Dent

You must convince yourself 
you know better than life. You know better 

than soot or algae’s wet sigh. And the child 
you might’ve had or been, 

who drank brine and left 
the olives jarred. 

He would draw the lines, would mark 
the years himself. He’s never seen 

the vines that, unlooked for 
for centuries, sparred the light 

for the windows and won. 
Now to open the grate 

you have to unhook the ground 
from the ground. 

Most days you leave it be. 
You allow what can survive you. 

Whatever of you can survive. 
Rarely you notice 

some trace of your body, which, 
in your absence, continues. 

As debt continues. 
Rot, the house, a buzzing shadow 

from the screen door to the bedroom so 
thick the flies split or are shunned 

and go to corners to die. 
They die in pairs. People bristle from you 

on the street, if they look. 
The truck driver exhales flat smoke 

and it breathes into a keyhole. 
You plod past a little boy wearing 

a red dress and he nods at you, 
tips his horns of red felt. 

Credit

Copyright © 2024 by Gaia Rajan.

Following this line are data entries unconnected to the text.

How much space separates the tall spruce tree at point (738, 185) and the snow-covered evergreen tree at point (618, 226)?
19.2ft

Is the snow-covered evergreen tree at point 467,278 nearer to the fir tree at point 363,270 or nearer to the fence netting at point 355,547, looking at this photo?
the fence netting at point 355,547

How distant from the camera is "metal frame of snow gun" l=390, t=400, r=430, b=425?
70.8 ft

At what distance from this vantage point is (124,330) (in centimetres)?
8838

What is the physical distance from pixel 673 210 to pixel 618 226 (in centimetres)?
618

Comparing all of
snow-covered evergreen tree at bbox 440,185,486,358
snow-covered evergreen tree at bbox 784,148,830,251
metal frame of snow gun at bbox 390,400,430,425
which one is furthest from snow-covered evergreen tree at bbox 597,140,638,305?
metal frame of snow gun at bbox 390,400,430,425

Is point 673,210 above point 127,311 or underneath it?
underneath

Originally published in Poem-a-Day on July 22, 2024, by the Academy of American Poets. 

About this Poem

“Utopia is a violent fiction: to imagine a past coherence confines us to a perpetual state of self-purification, corrosive not so much to our fallibility as our humanity. Injury, degeneration, drift—what might it mean to envision these terms, not as markers of the proliferating impossibility of a good future, but as alternate methods of negotiating the present? A forbearance, to learn to desire rupture rather than its illusory prehistory.”